§ ACTIVITY: Scan the records below for the line with "19907 Sunkissed Ridge Dr — Photo 10" and the line with "952 Palatka Rd", and retype that range exactly, both ends included, pictures excepted.

§ SUPPLIED DATA:
━━━━━━━━━━━━━━━━━━━━

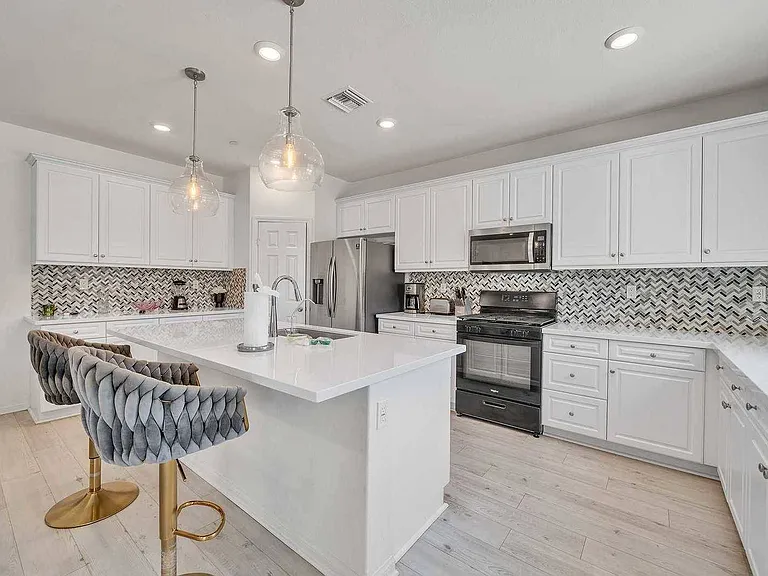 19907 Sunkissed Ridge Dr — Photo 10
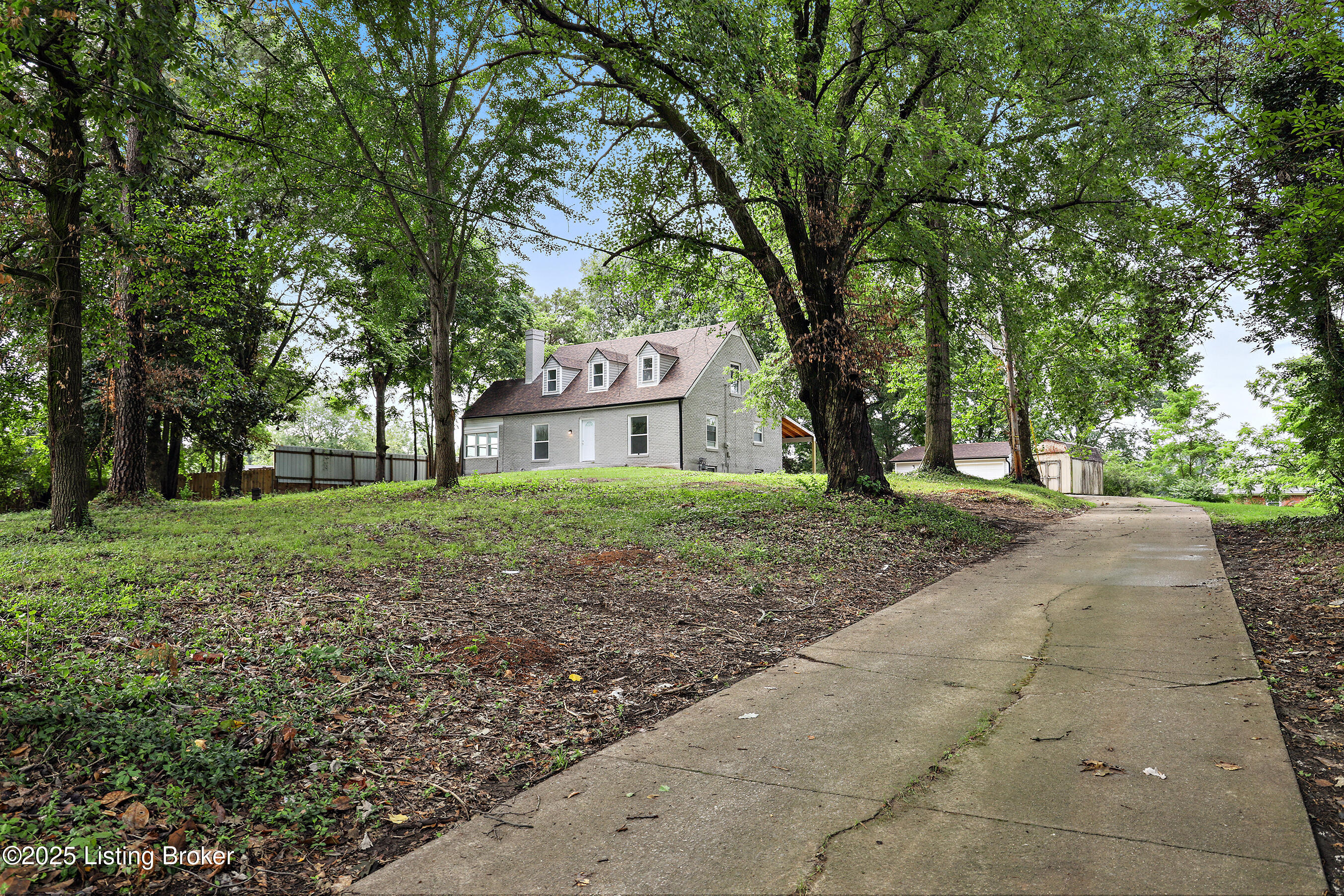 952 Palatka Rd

━━━━━━━━━━━━━━━━━━━━

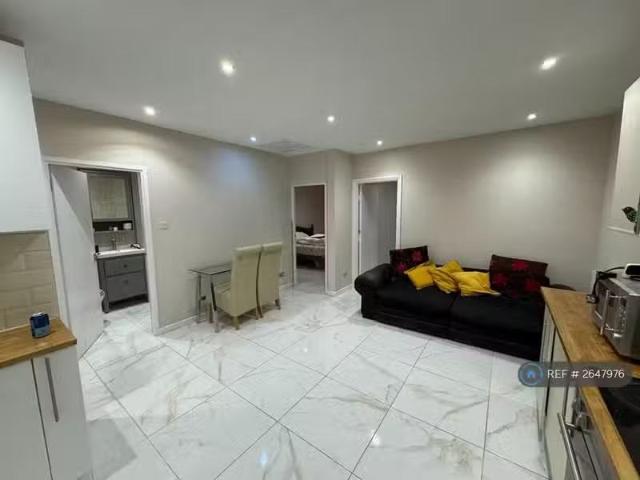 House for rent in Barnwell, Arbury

━━━━━━━━━━━━━━━━━━━━

§ RESPONSE TO THIS EXERCISE:
 19907 Sunkissed Ridge Dr — Photo 10
 952 Palatka Rd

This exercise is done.